German debt brake still applies, despite historical defence spending pledge

German Chancellor Olaf Scholz attends a security meeting of the Federal German Cabinet on the situation in Ukraine, in Berlin. [EPA-EFE/RAINER KEUENHOF / POOL]

The €100 billion the German government announced it would spend on military equipment on Sunday does not mean extra spending is on the table in other areas, a German government spokesperson stressed on Monday.

Germany will spend an extra €100 billion on defence through a special fund and disburse more than NATO’s 2% target each year from now on, Chancellor Olaf Scholz announced on Sunday. The announcement is widely considered a major policy shift.

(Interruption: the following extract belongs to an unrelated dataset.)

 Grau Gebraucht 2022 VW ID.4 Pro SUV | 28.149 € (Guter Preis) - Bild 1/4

While the announcement was welcomed among Germany’s EU and NATO partners, critics questioned why the government was ready to increase military spending while refusing to take up debt and spend more on areas such as health or education.

Asked by reporters whether the additional military spending meant a special fund could also be raised to reward healthcare workers financially, the spokesperson made it clear that the €100 billion was a ‘one-off’ and that the government was still committed to the debt brake.

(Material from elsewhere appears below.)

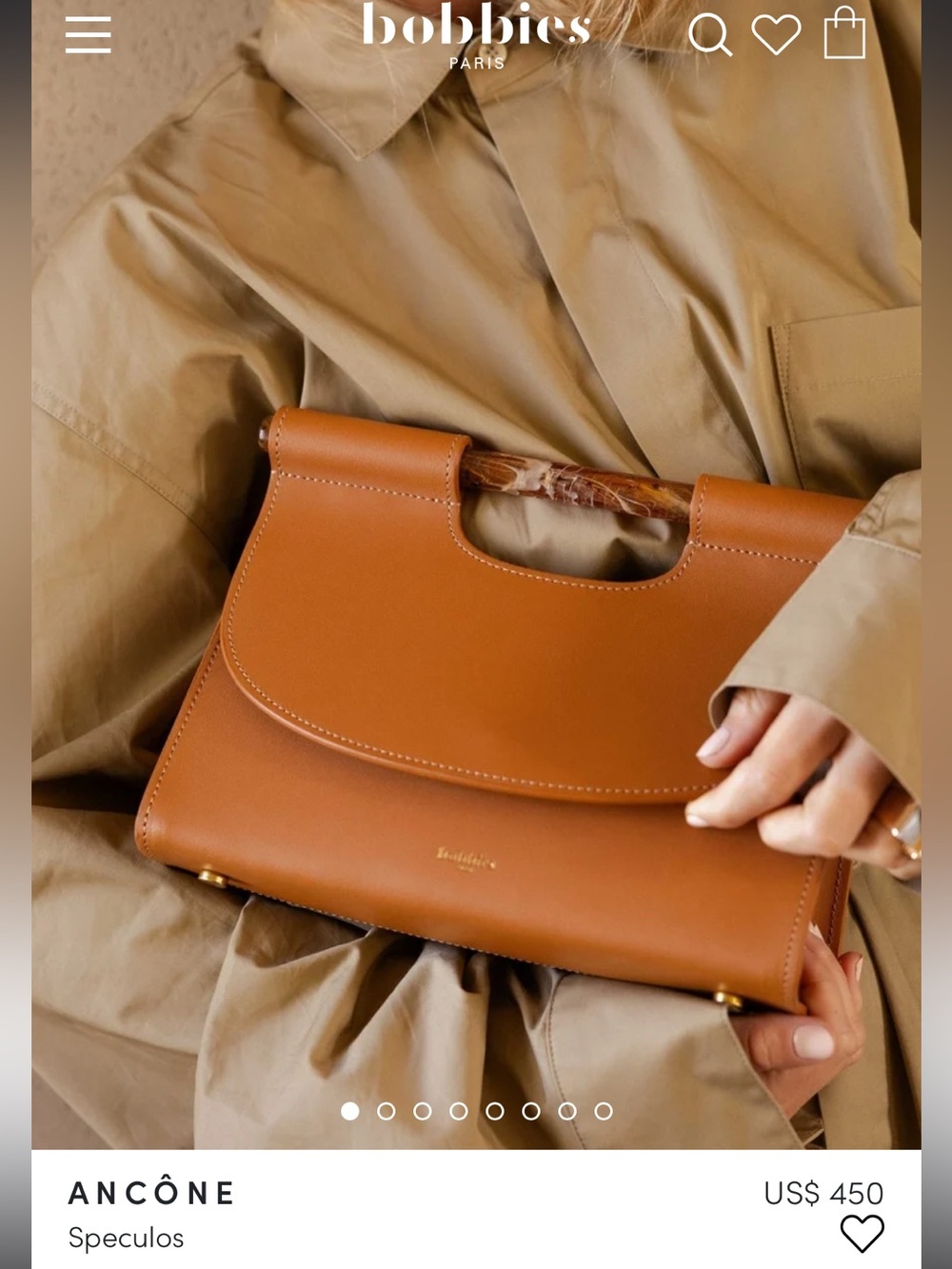 Bobbie’s Ancone Bag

“On top of all the measures that are necessary in this country and that we support as a government, we are now taking additional measures in the face of a changed international environment,” he said. “This is why the special fund does not mean that we can spend additional money within the regular budget,” he added.

The spokesperson also said that Finance Minister Christian Lindner of the business-friendly FDP was very clear that debt should be reigned in.

Germany’s national debt brake limits new debt to 0.35% of the country’s GDP each year. Within the governing coalition, Lindner’s FDP is the party that most fervently insists on sticking to this rule.